▶ Instructions for the task: A verbatim copy is needed of the lines below from the one containing "Wirefree Padded Soft" up to and including the one containing "KIT IRRIGAZIONE AUTOMATICA", excluding pictures.

▶ Material provided:

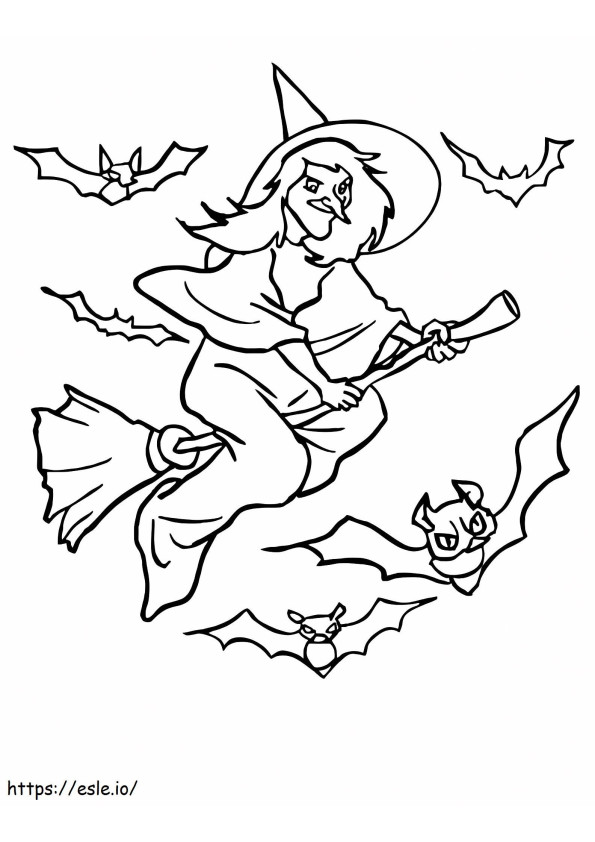 Flying Witch And Bat coloring page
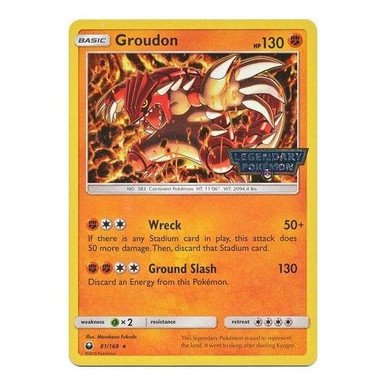 SM Celestial Storm 81/168 Groudon (Legendary Pokemon Stamp)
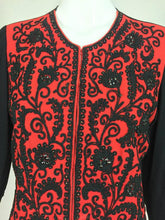 Passementerie beaded long sleeve jacket red & black crepe 1930s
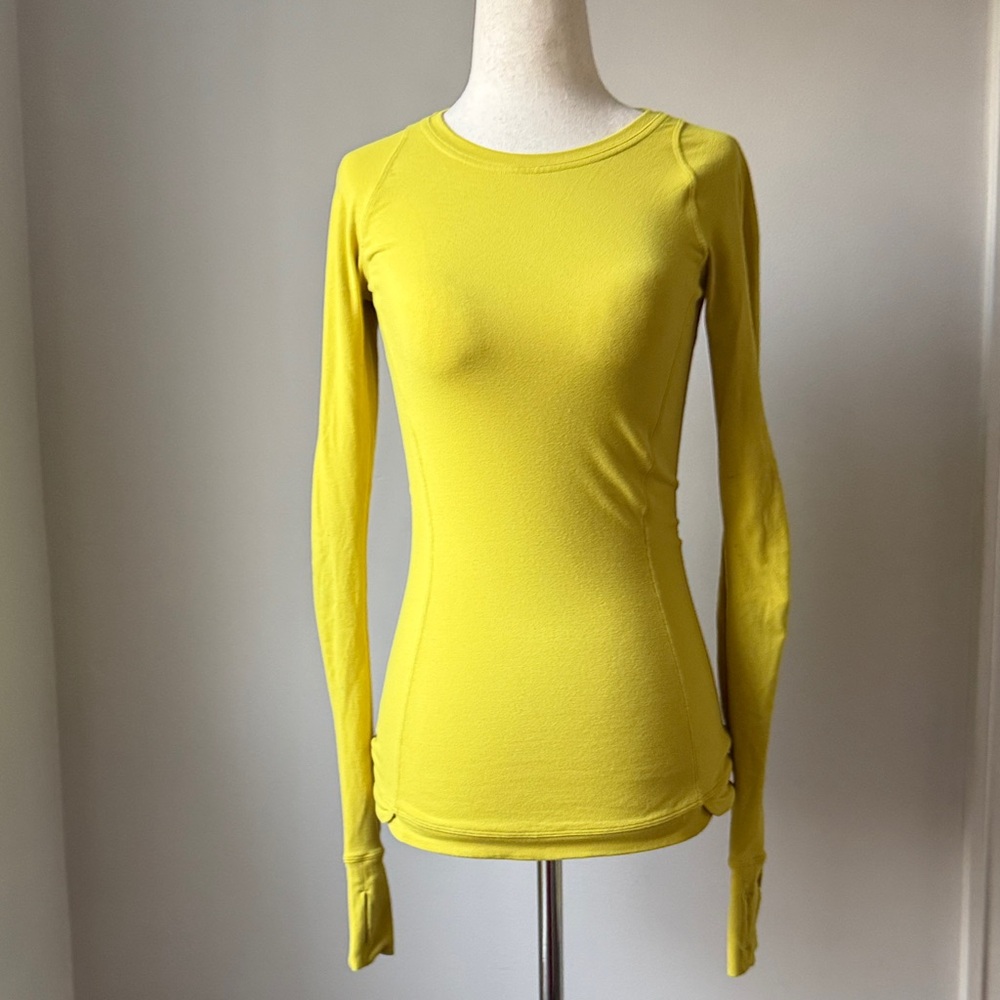 lululemon Long-Sleeve Crewneck Top in Bright Yellow Size 2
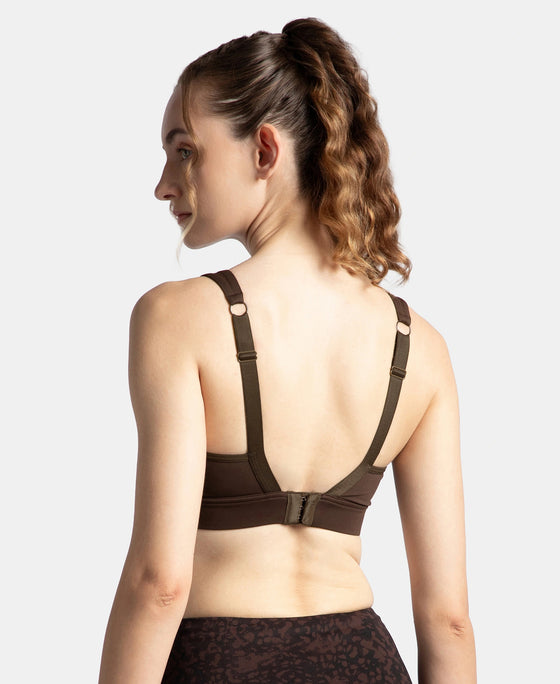 Wirefree Padded Soft Touch Microfiber Elastane Stretch Full Coverage Racerback Sports Bra with StayDry Treatment - Coffee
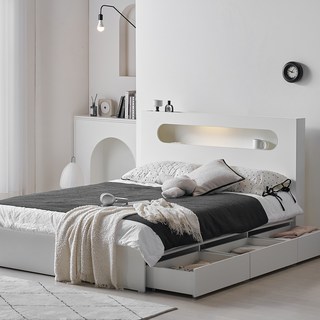 웰퍼니쳐 모화 LED 3단 수납형 침대프레임 단품 방문설치, 화이트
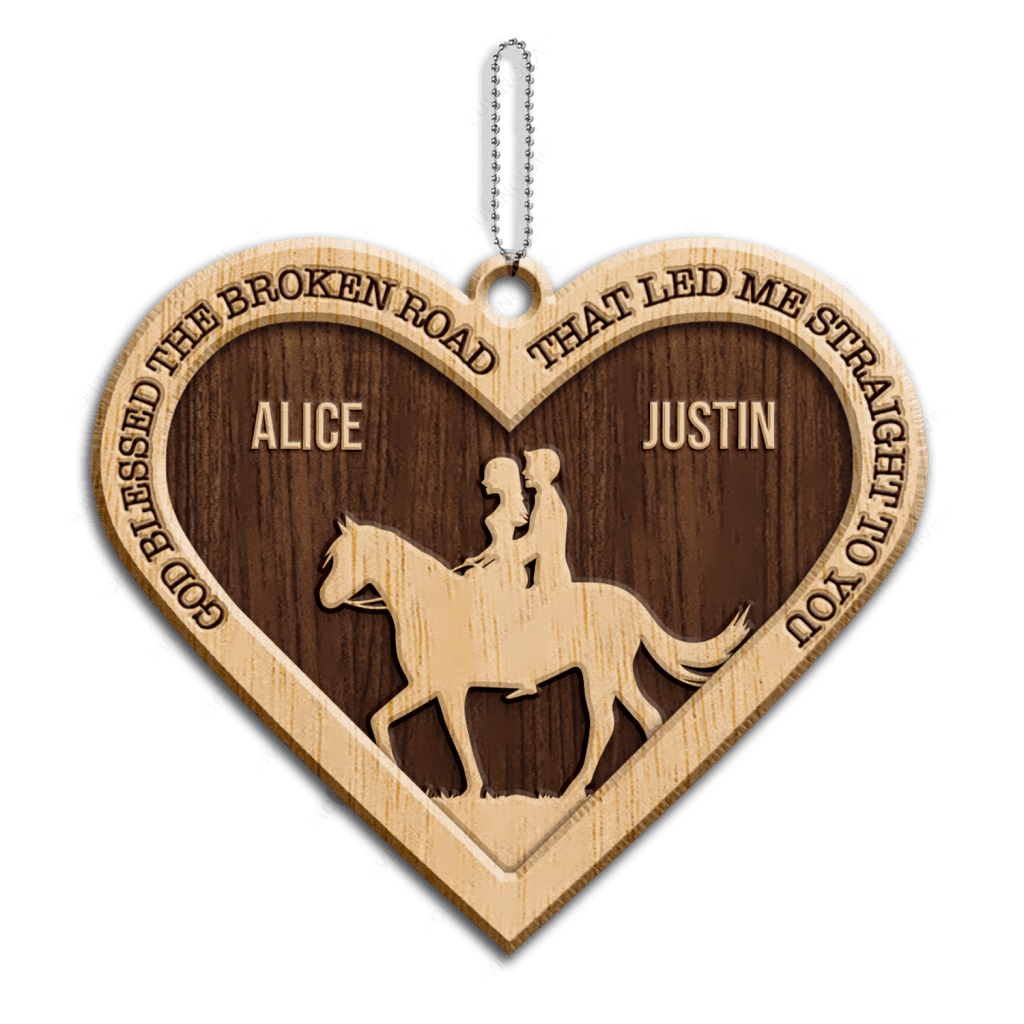 Farm Love Horse Cowboy And Cowgirl God Blessed Personalized Wood Engraved Ornaments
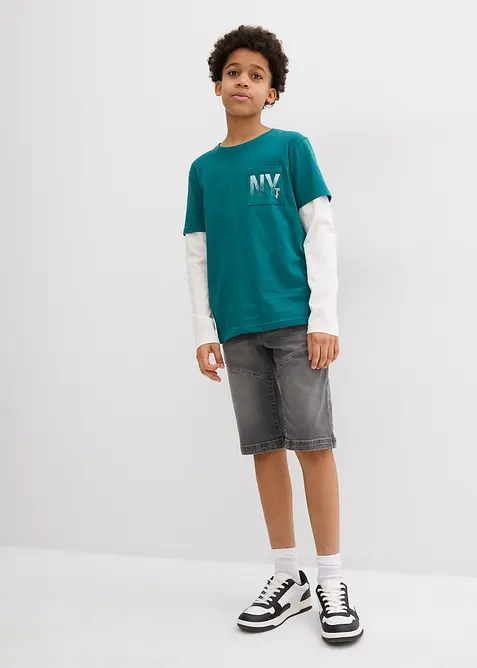 Bermuda in denim elasticizzato con elastico in vita, regular fit, bonprix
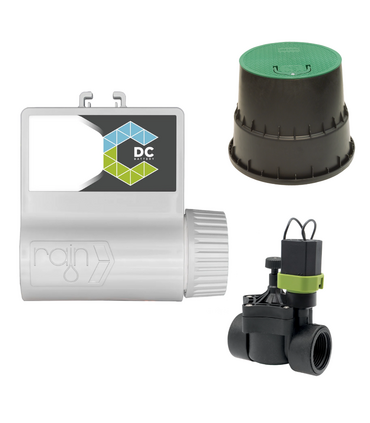 KIT IRRIGAZIONE AUTOMATICA CON CENTRALINA CONNECT DC BATTERY + ELETTROVALVOLA 9V 1'' E POZZETTO CIRCOLARE 15 CM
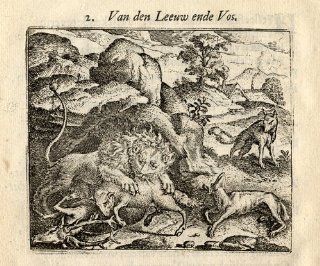 Antique Emblem Print LION FOX DEER Vondel Geraerts 1720   Etchings Prints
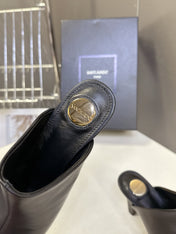 YSL 25S HIGH-HEEL SANDALS 75 MM IN BLACK LAMBSKIN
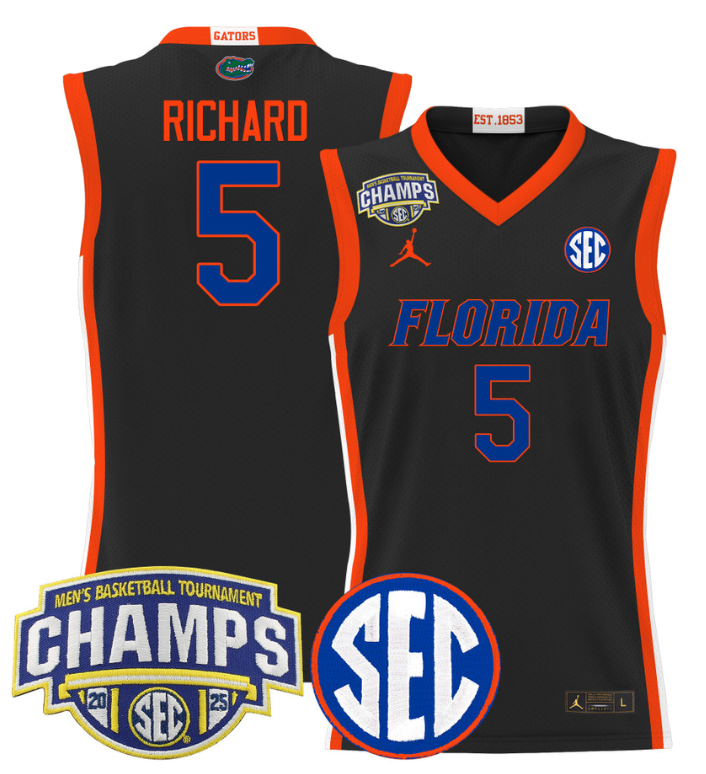 Will Richard Jersey #5 Florida Gators 2025 Tournament Champions Patch Basketball Stitched 5 Will Richard Jersey #5 Florida Gators 2025 Tournament Champions Patch Basketball Stitched - Image 5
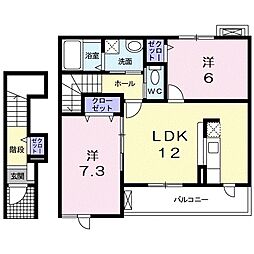 エトワールA 2LDKの間取図画像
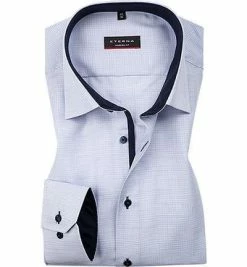 Brandneu 👏 ETERNA modern fit 4671/X14P/68/11 Hemd, Baumwolle, Extra langer Arm, Bleu-weiß meliert, Blau 🤩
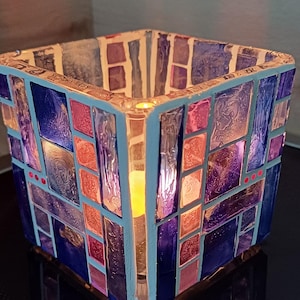 Lanterne en mosaïque de verre, bougie chauffe-plat, cadeaux, lumières, décoration, unique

▶ Response below:
 Wirefree Padded Soft Touch Microfiber Elastane Stretch Full Coverage Racerback Sports Bra with StayDry Treatment - Coffee
 웰퍼니쳐 모화 LED 3단 수납형 침대프레임 단품 방문설치, 화이트
 Farm Love Horse Cowboy And Cowgirl God Blessed Personalized Wood Engraved Ornaments
 Bermuda in denim elasticizzato con elastico in vita, regular fit, bonprix
 KIT IRRIGAZIONE AUTOMATICA CON CENTRALINA CONNECT DC BATTERY + ELETTROVALVOLA 9V 1'' E POZZETTO CIRCOLARE 15 CM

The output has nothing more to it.